(Description of the task) Print, exactly as they stand, the lines below from the one that has "Jeeva Residency Hotel" to the one that has "Willa Sport Zakopane Exterior foto", inclusive, leaving out the pictures.

(Data excerpts)
Segment Open

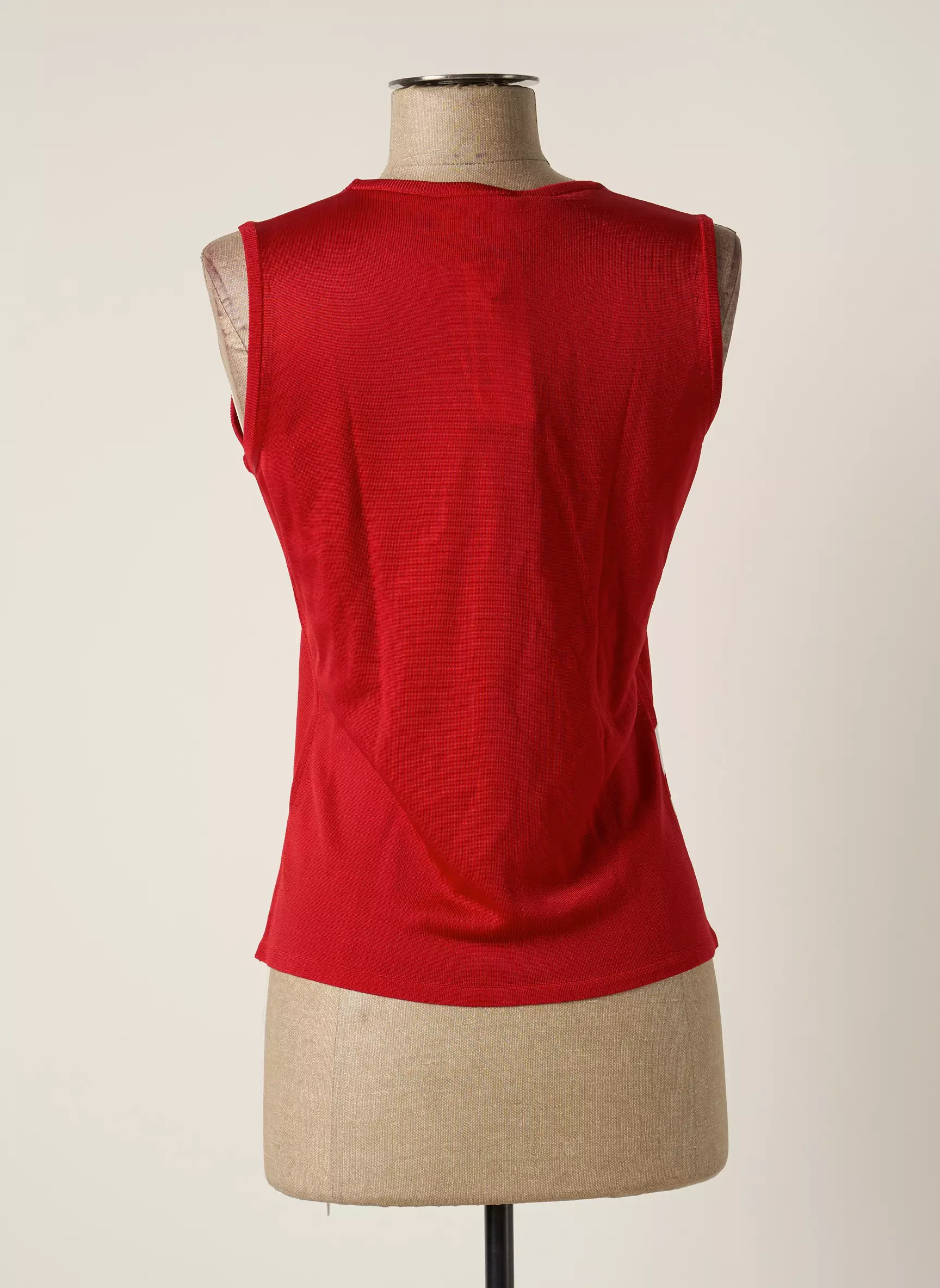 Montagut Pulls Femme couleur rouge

Segment Closed
Segment Open

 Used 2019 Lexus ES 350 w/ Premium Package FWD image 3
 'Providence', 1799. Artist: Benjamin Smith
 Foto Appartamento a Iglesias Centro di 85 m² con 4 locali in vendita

Segment Closed
Segment Open

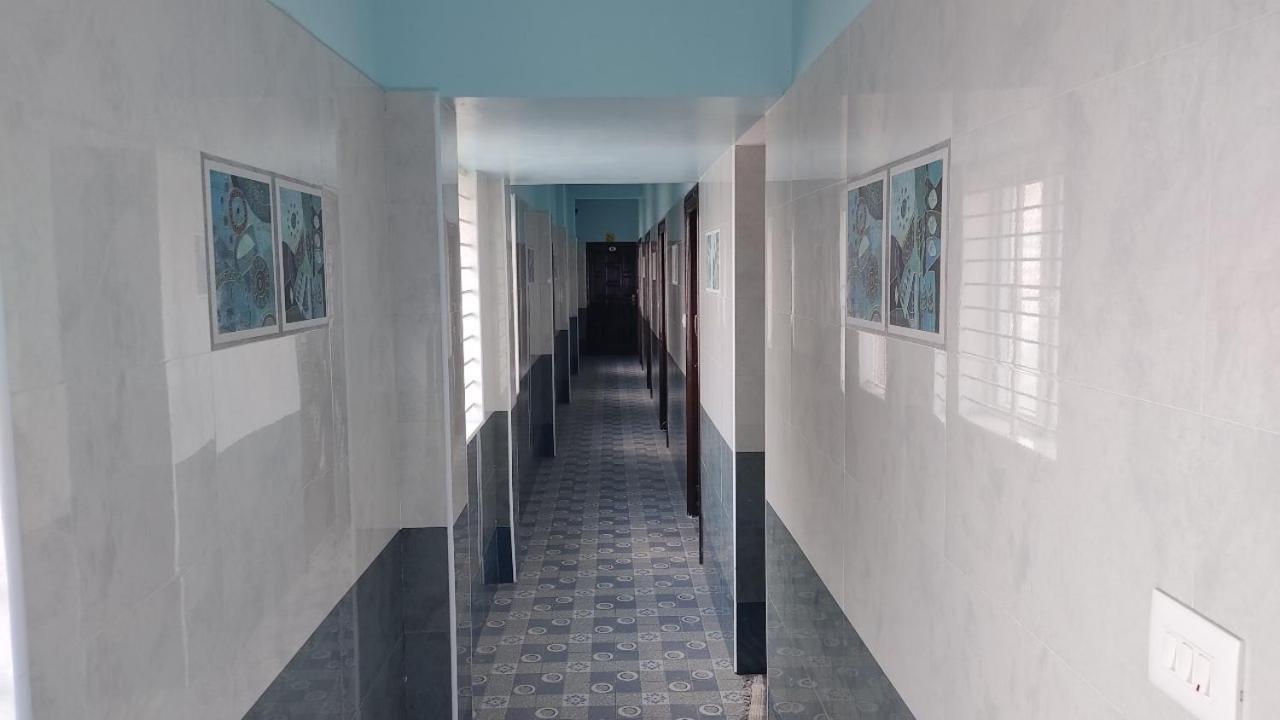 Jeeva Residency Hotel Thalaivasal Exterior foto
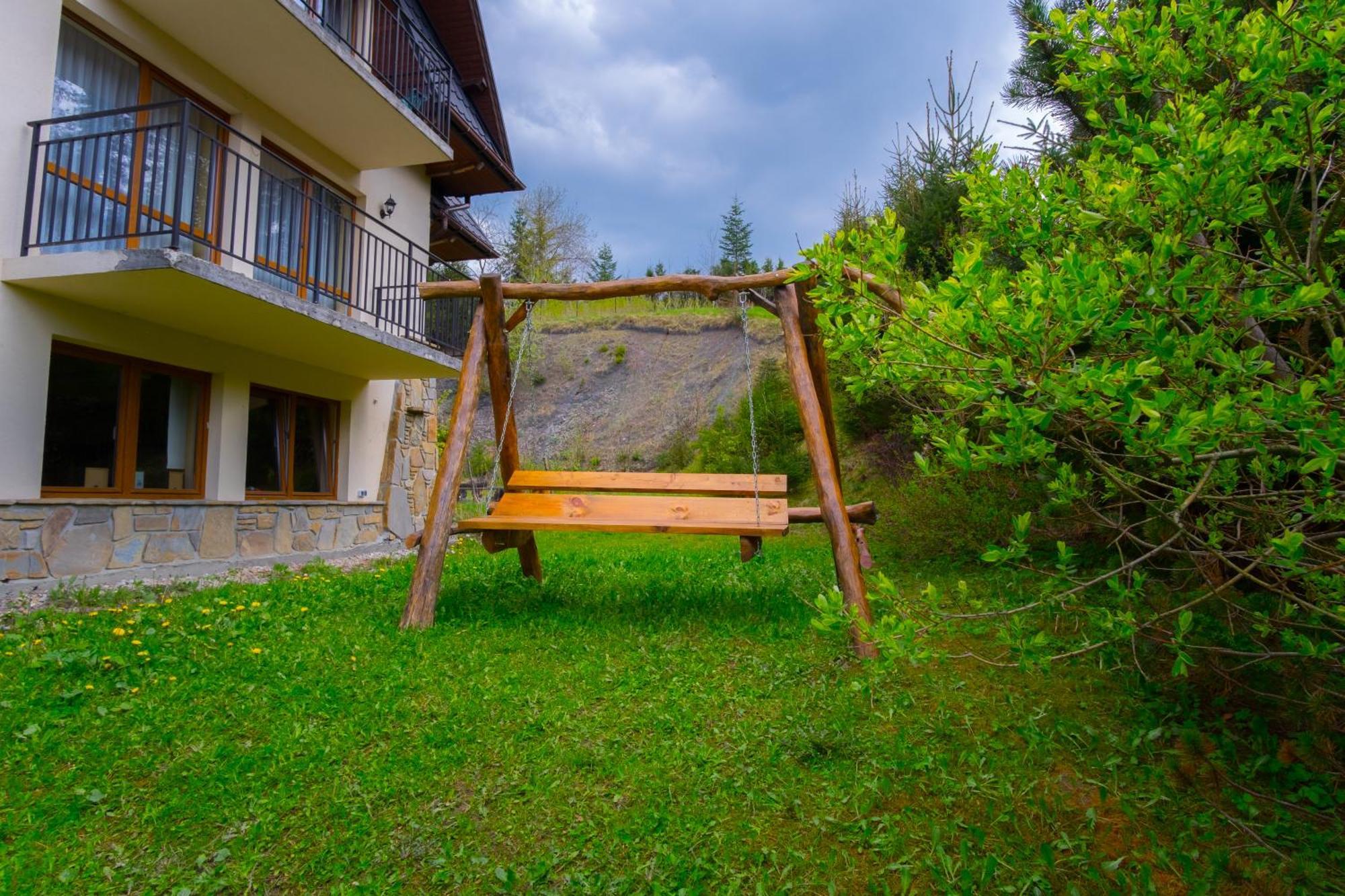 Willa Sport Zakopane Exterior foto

Segment Closed

(Written response)
 Jeeva Residency Hotel Thalaivasal Exterior foto
 Willa Sport Zakopane Exterior foto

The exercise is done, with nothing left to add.